How the world treats refugees is a litmus test of our common humanity. I say that as a refugee myself, having experienced the trauma and wrenching displacement of fleeing my home during the Korean War, when I was a child. The human suffering that I witnessed as I fled my burning village with my parents has stayed with me throughout my life.
It’s something that our leaders acknowledged 70 years ago this month, when the 1951 UN Refugee Convention was signed — a landmark treaty that has formed the backbone of international protection for people fleeing persecution in their own country, and should remain the lodestar guiding all national and international policies.
The treaty is just as essential today as it was seven decades ago. The UNHCR’s latest Global Trends report found that a record 82 million people were forcibly displaced from their homes in 2020, including 26 million refugees who have fled their own country. These numbers are not going to decline as long as conflict and instability persist.
Yet the guarantees in the 1951 Convention are being ignored. As forced displacement reaches unprecedented levels, the reaction in many prosperous countries in the Global North continues to be driven by fear and self-interest.

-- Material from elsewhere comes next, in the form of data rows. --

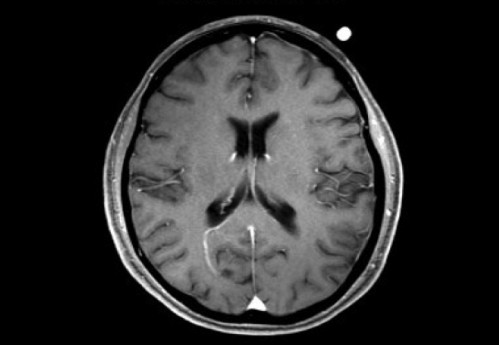 Bildgebung - MRT T1 + Gadolinium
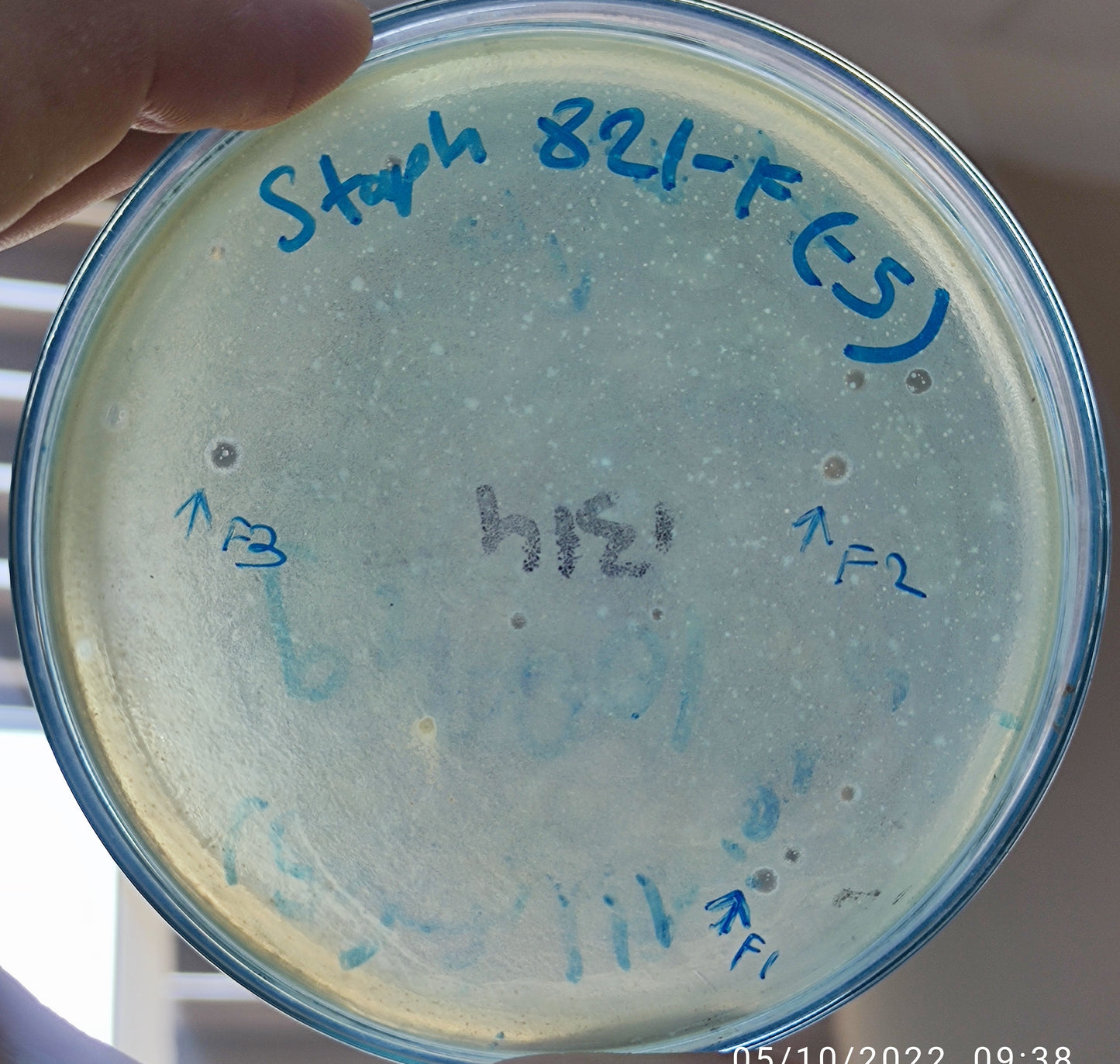 Staphylococcus aureus bacteriophage 152821F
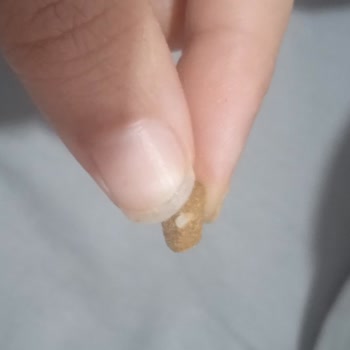 Trendyol'da Bozulmuş Kedi Maması Ve Cevapsız Müşteri Hizmetleri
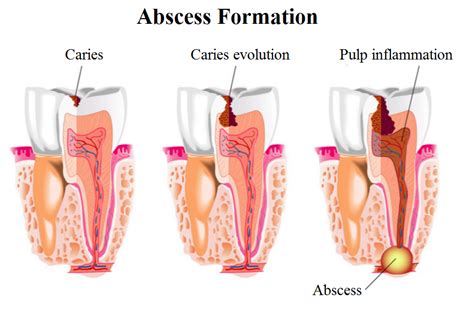 What is phoenix dental abscess? | News | Dentagama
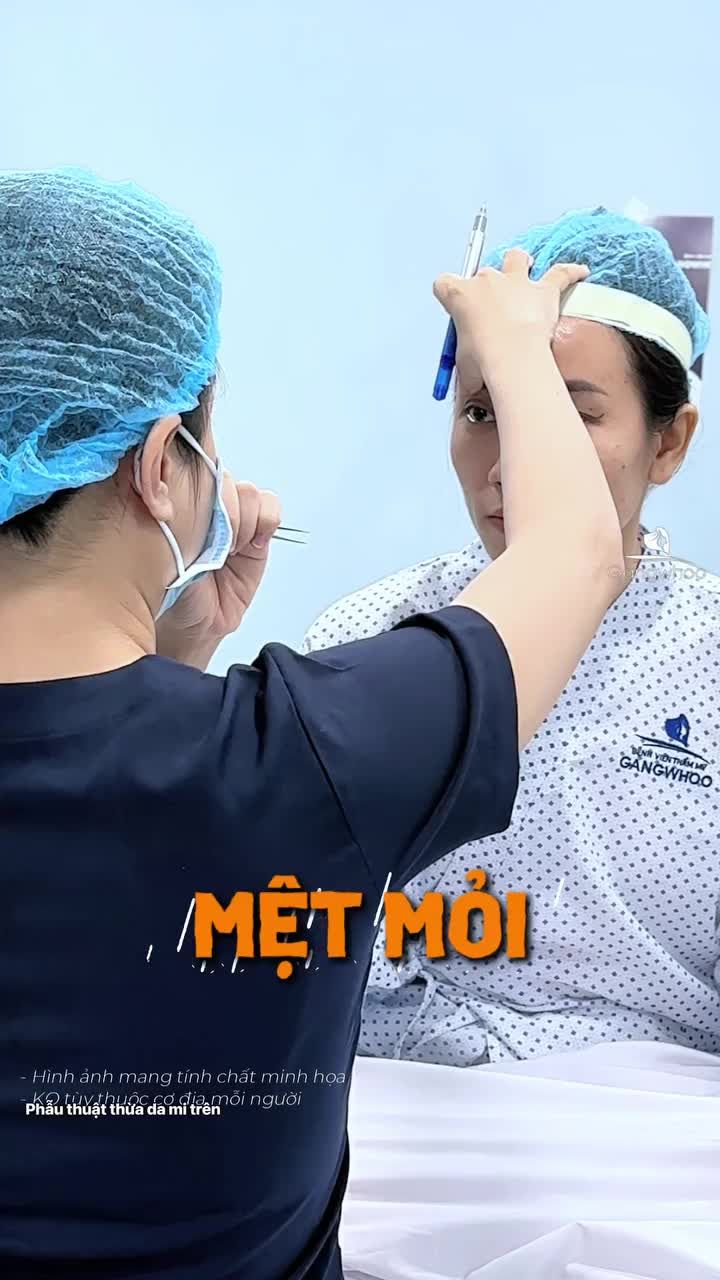 Da chùng được loại bỏ vừa đủ, bác sĩ đã định hình đường mí rõ nét. Quá trình diễn ra nhanh chóng, không gây đau và hạn chế sưng bầm tối đa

Populist, nationalist and sometimes openly racist politicians have manipulated people’s fear and ignorance of refugees for electoral gain, leaving refugees and migrants even more marginalized and vulnerable to abuse, including physical attacks.
Instead of offering protection, some of those in power want to shut down asylum routes, introduce punitive measures against those exercising their right to seek asylum through irregular routes, and forcibly return people to situations of uncertainty.

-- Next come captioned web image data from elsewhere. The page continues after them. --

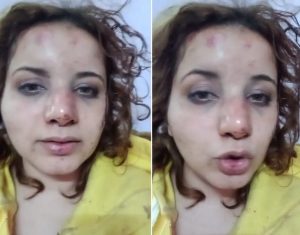 فتاة تتعرض للضرب بوحشية على يد زوجها لسبب غريب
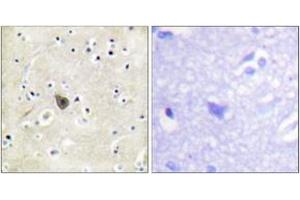 Immunohistochemistry analysis of paraffin-embedded human brain tissue, using PKD2 (Ab-876) Antibody. (PKD2 antibody  (AA 829-878))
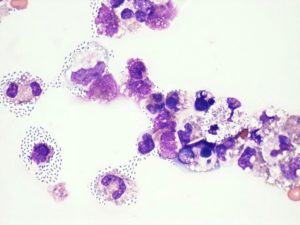 Neisseria sicca 10в6, streptococcus viridans group 10в6. haemophilus paranfluenzae 10в6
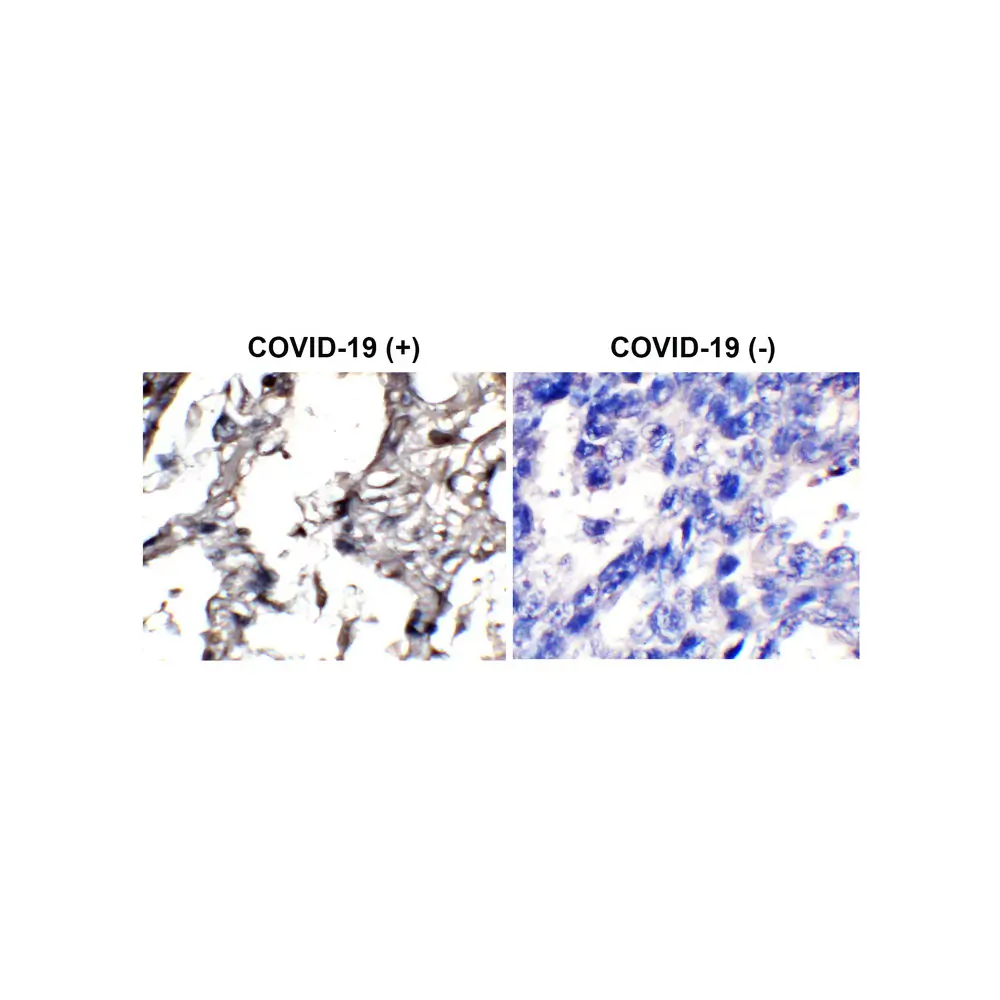 ProSci 3531-biotin_S SARS-CoV-2 (COVID-19) Envelope Antibody (biotin), ProSci, 0.02 mg/Unit Secondary Image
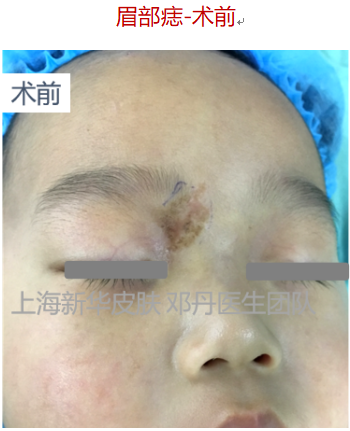 痣的案例,采用手术切除 局部皮瓣修复 减张 点阵激光疤痕修复的综合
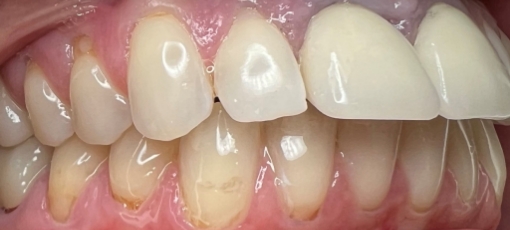 Close up of slightly yellow and misaligned teeth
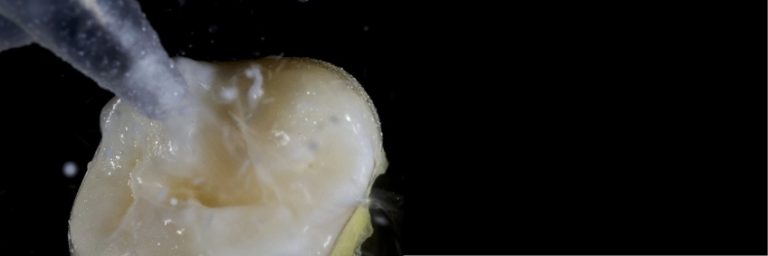 Planning the Class IV: Workhorse of Cosmetic Dentistry, Part 2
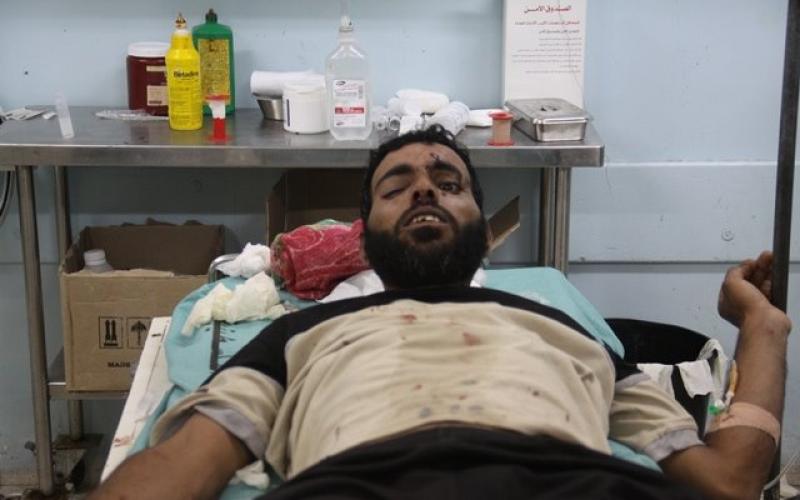 صور: شهداء وإصابات بقصف مواطنين بخانيونس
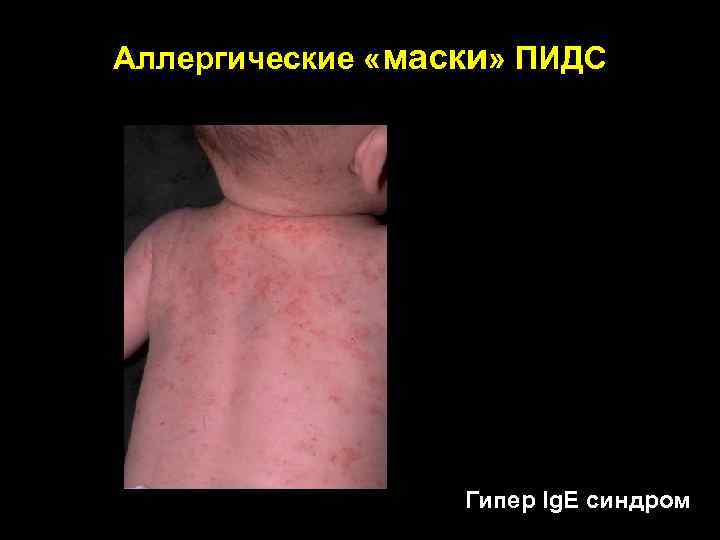 Аллергические «маски» ПИДС Гипер Ig. E синдром 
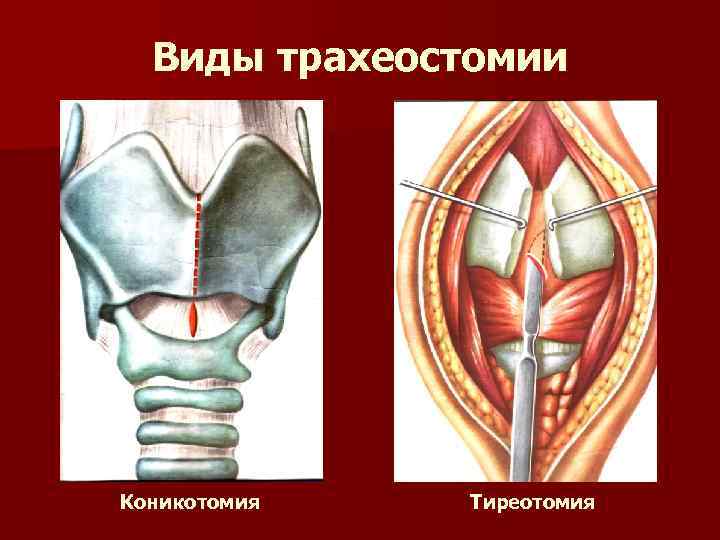 Ошибки трахеостомии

Over the last five years, Afghan refugees whose asylum claims have been rejected have been forcibly returned to Kabul from the Netherlands, Sweden, Germany, Austria and Finland, during periods of acute insecurity and war. The threat of a renewed takeover of Afghanistan by the Taliban will create a further surge of refugees, including women and girls who face the brutality of that regime.
Read more: ‘My Future Is Now.’ An Afghan Woman from a Threatened Minority Wrestles with What Happens When the U.S. Withdraws
Denmark is currently reassessing the temporary residency permits for Syrian refugees who originate from Damascus and its environs, stating it is now safe to return to those areas despite the repressive nature of the Assad regime.
Other countries don’t even let displaced people stay within their borders while they seek asylum. Australia maintains its longstanding discriminatory policy towards refugees and asylum seekers who arrive irregularly by boat, forcibly transferring and detaining them in Papua New Guinea and on Nauru island. It has had a devastating impact on the physical and mental health of those individuals and families. This type of policy is an affront to human dignity.
The U.K.’s new Nationality and Borders Bill also provides for off-shoring of asylum-seekers, following the damaging path set by Australia. It further proposes a two-tier system which would discriminate against those who arrive through irregular routes, even if their asylum claim is successful, effectively condemning them to a life of limbo with reduced rights. If implemented, the proposals would set a dangerous precedent in Europe – one which other European states should firmly reject.
Such measures, designed to avoid or shift responsibility, are contrary to the 1951 Convention, the Global Refugee Compact and core principles of global responsibility-sharing and solidarity.
The Global North’s regressive asylum policies stand in stark contrast to the generosity of developing countries, who continue to host 86% of the world’s refugees. For example, in February 2021, Colombia granted a 10-year protection status to 2 million Venezuelan refugees and migrants in the country, enabling them to integrate and plan for their future. Such examples put wealthier countries to shame.
It is incumbent on these countries to step up and deliver a global resettlement programme on a meaningful scale. President Biden’s decision to restore U.S. resettlement levels with a goal of 125,000 in the next fiscal year is a welcome development. The Elders support UNHCR’s call for the E.U. to commit to meet at least 40% of the global target to resettle 1 million refugees by 2028, equalling a pledge of 36,000 for 2022. This should be followed by setting ambitious multi-year targets in line with this commitment.
When I was U.N. Secretary-General, I met so many children around the world, particularly in Africa and the Middle East, who reminded me of my own painful experiences as a child displaced by war. For them, and for so many others, I remain determined to keep the plight of refugees high on the global agenda.